Here’s Harry highlighting some of the immediate differences between a Fijian village and our own homes:

Unique Concepts…

Fiji Time

Kerekere

‘Fiji time’ is an affectionate term that summarises the relaxed timekeeping of Fijians. As funny as it sounds, this is a real phenomenon in Fiji and is very present in the village.

If you organise a meeting at 4:00 pm, expect most attendees to turn up at 5:30 pm. This relaxed feeling bleeds into every aspect of village life. When the sun is out and it’s a hot, humid day, what harm can a 40-minute nap do? It’s no wonder Fijians always have a smile on their face.

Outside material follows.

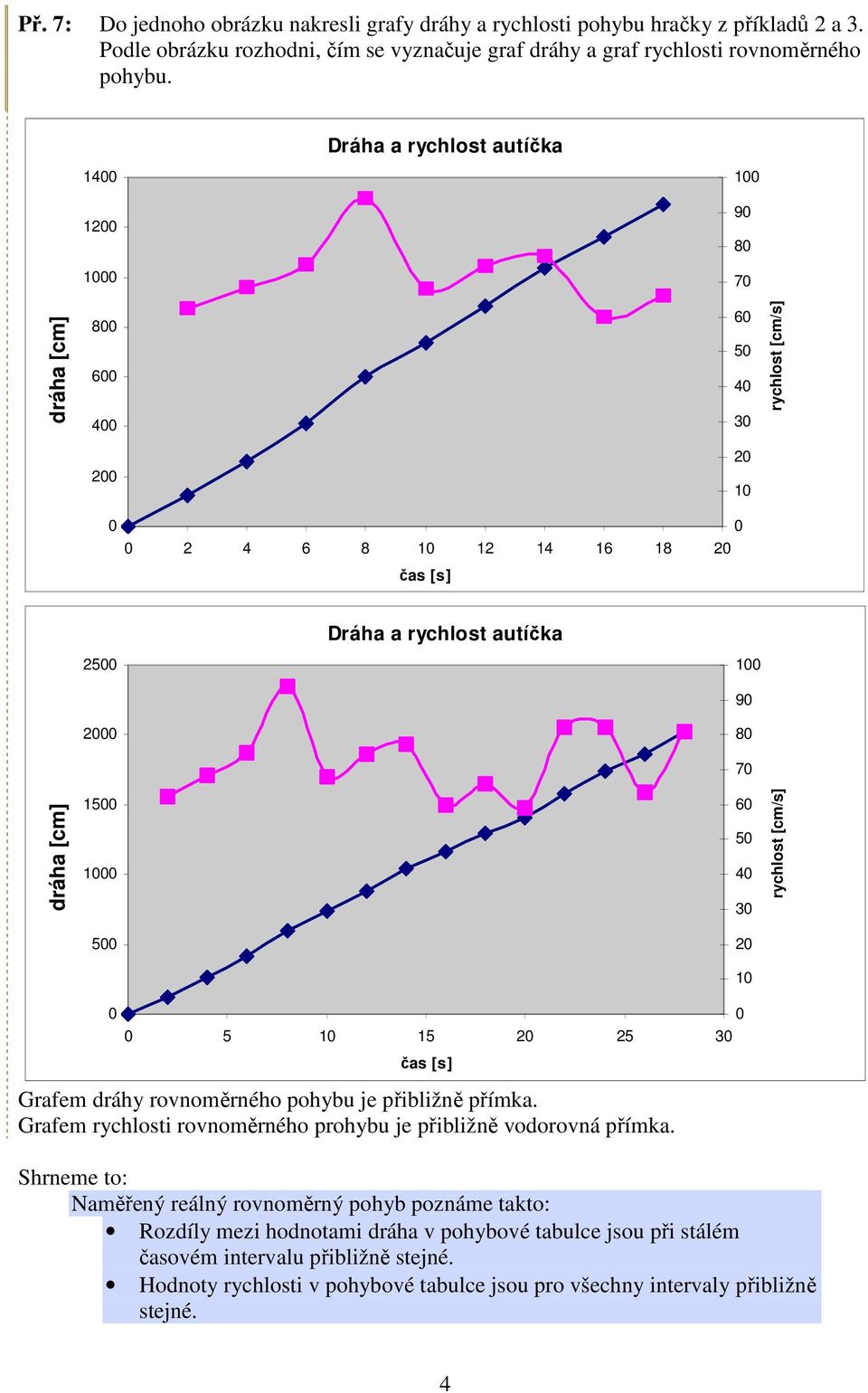 [cm/s] 5 2 1 5 1 15 2 25 3 čas [s] Grafem dráhy rovnoměrného pohybu je přibližně přímka. Grafem rychlosti rovnoměrného prohybu je přibližně vodorovná přímka.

To reiterate a point that we have already covered; kerekere is a central concept in a Fijian village. Kerekere itself can roughly translate to ‘request’ but really means an unconditional giving. Historically, it would ensure that every member of a village did not go without and can be best understood as the idea that possessions belong to the village rather than the individual/household. This would mean that if one particular evening you ran out of rice, you can just go next door and ask for some and it will be given to you with a smile. As a concept, kerekere best embodies the communal aspect of a village.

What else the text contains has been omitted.